— About this exercise —
Look through the records below for the line holding "H&M Black Pink". Write it out exactly, with each following line through the line holding "Flower .925 Sterling".

— Input data —
------------
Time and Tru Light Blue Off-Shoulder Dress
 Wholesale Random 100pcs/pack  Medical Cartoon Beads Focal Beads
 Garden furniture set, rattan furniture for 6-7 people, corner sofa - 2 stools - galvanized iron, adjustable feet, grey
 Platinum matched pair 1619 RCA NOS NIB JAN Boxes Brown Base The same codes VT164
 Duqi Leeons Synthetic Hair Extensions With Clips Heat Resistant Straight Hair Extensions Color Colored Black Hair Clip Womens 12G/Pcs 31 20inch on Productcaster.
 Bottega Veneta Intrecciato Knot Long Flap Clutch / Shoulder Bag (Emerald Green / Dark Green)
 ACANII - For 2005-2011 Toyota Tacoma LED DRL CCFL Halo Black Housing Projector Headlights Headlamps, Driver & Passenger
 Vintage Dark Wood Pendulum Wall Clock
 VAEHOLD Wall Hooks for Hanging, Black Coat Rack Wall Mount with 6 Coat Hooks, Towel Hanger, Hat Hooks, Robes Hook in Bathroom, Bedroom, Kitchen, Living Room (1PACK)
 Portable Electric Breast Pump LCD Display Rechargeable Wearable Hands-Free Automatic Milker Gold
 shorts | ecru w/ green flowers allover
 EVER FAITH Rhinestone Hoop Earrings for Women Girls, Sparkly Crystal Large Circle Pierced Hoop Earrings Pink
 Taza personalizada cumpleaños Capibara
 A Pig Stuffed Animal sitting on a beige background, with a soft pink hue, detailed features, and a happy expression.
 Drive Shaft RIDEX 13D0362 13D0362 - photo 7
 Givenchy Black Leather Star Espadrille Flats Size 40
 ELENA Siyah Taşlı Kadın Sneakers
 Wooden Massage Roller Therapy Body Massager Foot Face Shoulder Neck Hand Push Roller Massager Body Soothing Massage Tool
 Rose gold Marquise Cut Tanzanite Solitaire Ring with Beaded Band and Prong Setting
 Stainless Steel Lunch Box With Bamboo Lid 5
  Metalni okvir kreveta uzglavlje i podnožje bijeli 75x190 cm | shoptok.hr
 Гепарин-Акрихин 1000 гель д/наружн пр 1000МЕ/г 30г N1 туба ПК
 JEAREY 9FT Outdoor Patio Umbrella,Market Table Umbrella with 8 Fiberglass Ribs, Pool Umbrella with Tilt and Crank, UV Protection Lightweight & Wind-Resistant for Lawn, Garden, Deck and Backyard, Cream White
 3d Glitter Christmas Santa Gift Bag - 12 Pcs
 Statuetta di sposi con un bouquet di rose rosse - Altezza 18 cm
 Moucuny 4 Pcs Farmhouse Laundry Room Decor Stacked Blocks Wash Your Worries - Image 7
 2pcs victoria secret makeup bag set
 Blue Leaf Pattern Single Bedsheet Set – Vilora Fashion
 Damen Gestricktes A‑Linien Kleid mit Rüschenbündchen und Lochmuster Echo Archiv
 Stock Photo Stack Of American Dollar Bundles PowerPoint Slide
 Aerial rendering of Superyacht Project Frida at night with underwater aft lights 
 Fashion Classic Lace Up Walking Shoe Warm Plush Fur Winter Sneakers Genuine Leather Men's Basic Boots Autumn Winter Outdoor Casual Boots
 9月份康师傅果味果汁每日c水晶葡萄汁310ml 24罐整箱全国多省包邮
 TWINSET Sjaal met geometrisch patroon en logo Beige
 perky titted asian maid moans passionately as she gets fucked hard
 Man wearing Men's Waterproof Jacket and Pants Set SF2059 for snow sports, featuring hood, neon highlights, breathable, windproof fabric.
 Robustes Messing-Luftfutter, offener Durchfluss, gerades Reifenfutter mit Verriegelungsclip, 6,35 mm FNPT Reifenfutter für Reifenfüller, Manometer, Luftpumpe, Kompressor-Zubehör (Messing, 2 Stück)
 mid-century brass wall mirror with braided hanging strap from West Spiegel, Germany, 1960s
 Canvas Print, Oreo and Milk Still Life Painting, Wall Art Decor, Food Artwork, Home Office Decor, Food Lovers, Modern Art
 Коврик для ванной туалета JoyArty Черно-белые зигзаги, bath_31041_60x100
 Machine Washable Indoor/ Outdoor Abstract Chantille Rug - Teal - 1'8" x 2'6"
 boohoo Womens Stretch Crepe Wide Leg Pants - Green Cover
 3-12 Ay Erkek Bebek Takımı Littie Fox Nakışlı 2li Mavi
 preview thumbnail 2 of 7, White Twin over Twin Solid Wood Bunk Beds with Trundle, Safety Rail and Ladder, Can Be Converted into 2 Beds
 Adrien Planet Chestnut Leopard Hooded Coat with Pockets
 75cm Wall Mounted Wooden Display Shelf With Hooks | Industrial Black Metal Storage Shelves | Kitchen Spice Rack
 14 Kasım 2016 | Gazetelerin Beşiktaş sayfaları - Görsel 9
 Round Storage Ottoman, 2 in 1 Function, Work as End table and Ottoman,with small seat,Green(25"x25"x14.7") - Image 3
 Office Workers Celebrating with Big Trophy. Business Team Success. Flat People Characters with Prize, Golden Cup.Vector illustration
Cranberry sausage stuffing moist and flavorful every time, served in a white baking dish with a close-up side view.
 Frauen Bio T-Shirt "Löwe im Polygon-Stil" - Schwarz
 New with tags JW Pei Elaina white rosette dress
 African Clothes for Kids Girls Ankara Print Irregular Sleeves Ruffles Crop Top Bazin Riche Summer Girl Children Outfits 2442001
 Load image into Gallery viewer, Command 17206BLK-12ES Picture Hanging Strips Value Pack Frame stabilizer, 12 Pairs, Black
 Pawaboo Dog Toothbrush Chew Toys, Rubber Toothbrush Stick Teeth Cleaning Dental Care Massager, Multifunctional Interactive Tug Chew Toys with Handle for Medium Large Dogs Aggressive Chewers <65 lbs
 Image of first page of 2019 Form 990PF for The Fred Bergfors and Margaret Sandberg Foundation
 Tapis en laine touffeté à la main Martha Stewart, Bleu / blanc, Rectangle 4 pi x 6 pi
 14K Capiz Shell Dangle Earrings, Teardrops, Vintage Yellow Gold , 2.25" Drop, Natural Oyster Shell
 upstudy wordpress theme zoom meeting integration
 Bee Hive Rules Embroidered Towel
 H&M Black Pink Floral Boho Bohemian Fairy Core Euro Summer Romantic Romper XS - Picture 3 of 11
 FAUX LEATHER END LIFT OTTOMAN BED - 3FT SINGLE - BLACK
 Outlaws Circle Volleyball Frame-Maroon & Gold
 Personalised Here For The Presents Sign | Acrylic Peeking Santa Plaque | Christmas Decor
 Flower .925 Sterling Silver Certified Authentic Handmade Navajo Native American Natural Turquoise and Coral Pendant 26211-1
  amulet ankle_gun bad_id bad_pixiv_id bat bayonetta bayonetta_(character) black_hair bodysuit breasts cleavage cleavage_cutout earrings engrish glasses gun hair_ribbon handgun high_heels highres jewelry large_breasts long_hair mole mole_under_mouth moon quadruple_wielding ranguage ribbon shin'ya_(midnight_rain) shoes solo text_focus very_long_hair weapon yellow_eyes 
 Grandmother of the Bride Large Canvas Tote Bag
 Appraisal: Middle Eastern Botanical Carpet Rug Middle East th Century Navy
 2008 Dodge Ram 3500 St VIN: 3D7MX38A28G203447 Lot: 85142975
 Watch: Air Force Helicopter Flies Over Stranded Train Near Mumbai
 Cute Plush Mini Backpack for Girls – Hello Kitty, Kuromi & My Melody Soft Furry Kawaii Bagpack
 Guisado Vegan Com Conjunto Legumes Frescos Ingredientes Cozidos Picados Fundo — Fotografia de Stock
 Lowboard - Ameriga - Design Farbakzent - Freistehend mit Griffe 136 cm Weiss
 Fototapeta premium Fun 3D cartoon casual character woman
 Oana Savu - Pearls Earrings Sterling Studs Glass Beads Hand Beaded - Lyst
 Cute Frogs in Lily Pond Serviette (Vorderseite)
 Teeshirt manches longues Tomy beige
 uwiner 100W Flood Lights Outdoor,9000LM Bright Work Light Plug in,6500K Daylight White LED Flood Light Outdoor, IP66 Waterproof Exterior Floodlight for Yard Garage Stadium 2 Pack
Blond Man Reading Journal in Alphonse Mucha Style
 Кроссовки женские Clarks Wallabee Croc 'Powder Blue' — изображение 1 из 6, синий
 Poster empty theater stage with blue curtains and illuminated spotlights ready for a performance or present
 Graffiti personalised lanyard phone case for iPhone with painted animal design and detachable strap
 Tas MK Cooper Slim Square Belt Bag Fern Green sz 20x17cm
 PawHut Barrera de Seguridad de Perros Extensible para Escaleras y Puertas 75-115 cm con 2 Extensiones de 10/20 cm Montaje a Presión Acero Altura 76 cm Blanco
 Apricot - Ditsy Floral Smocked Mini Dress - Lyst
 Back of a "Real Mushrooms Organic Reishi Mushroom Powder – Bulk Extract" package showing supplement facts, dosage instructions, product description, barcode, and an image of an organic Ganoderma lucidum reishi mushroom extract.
------------
— Expected output —
 H&M Black Pink Floral Boho Bohemian Fairy Core Euro Summer Romantic Romper XS - Picture 3 of 11
 FAUX LEATHER END LIFT OTTOMAN BED - 3FT SINGLE - BLACK
 Outlaws Circle Volleyball Frame-Maroon & Gold
 Personalised Here For The Presents Sign | Acrylic Peeking Santa Plaque | Christmas Decor
 Flower .925 Sterling Silver Certified Authentic Handmade Navajo Native American Natural Turquoise and Coral Pendant 26211-1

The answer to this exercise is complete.